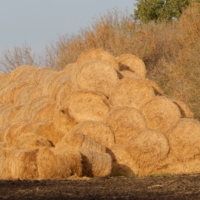 Можно и не считать))))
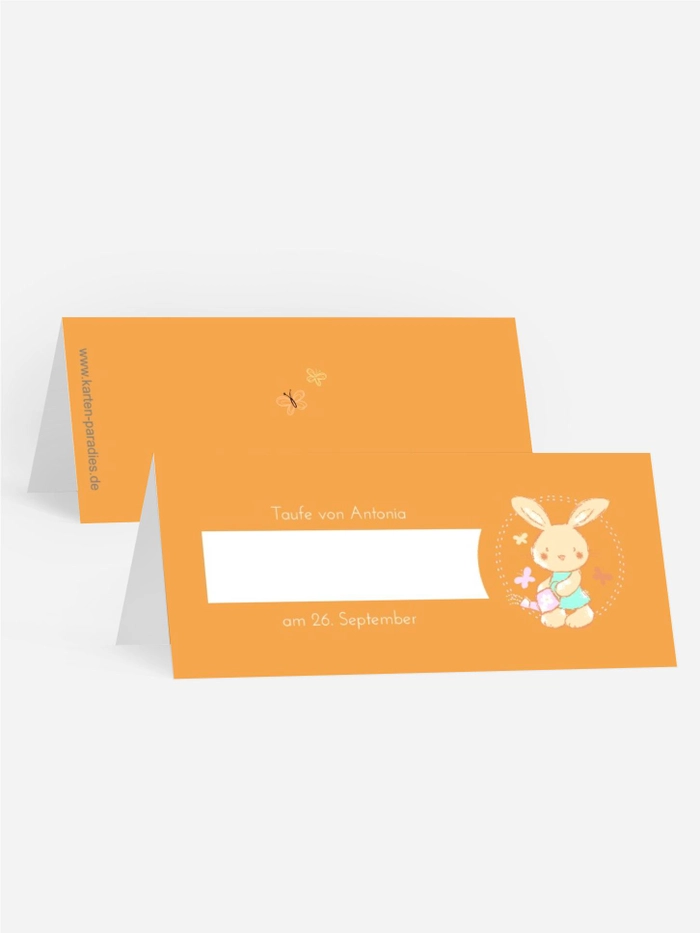 Hase Hase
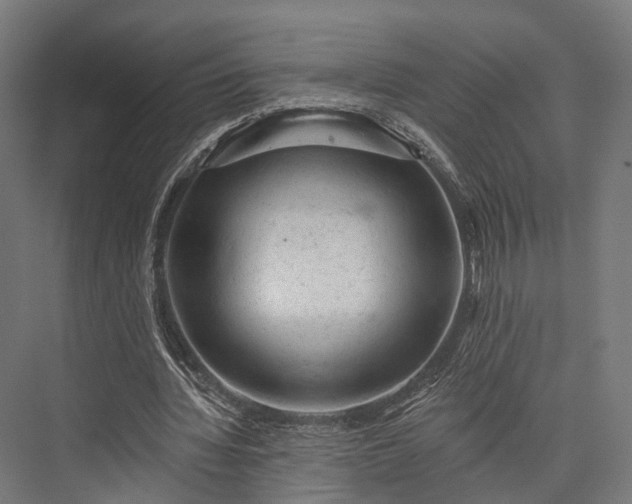 X0000076300436200610061308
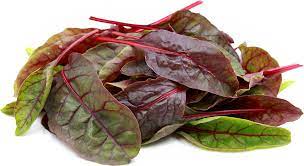 Rainbow-Chard-Supplier-In-India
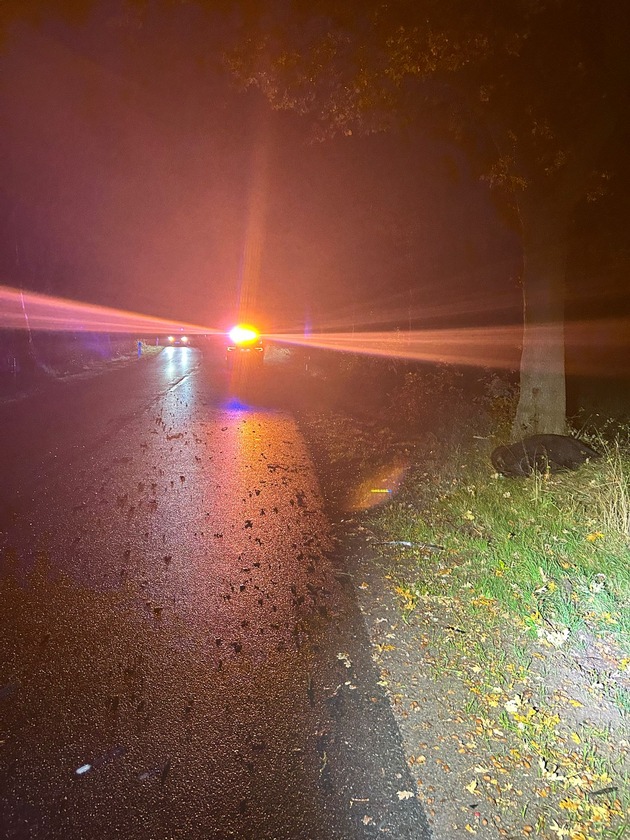 POL-WHV: Zwei verletzte Personen nach Verkehrsunfall mit entlaufenen Rindern in Schortens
——
Task statement:
Output each entry exactly. Skip the pictures.

Your solution:
 Можно и не считать))))
 Hase Hase
 X0000076300436200610061308
 Rainbow-Chard-Supplier-In-India
 POL-WHV: Zwei verletzte Personen nach Verkehrsunfall mit entlaufenen Rindern in Schortens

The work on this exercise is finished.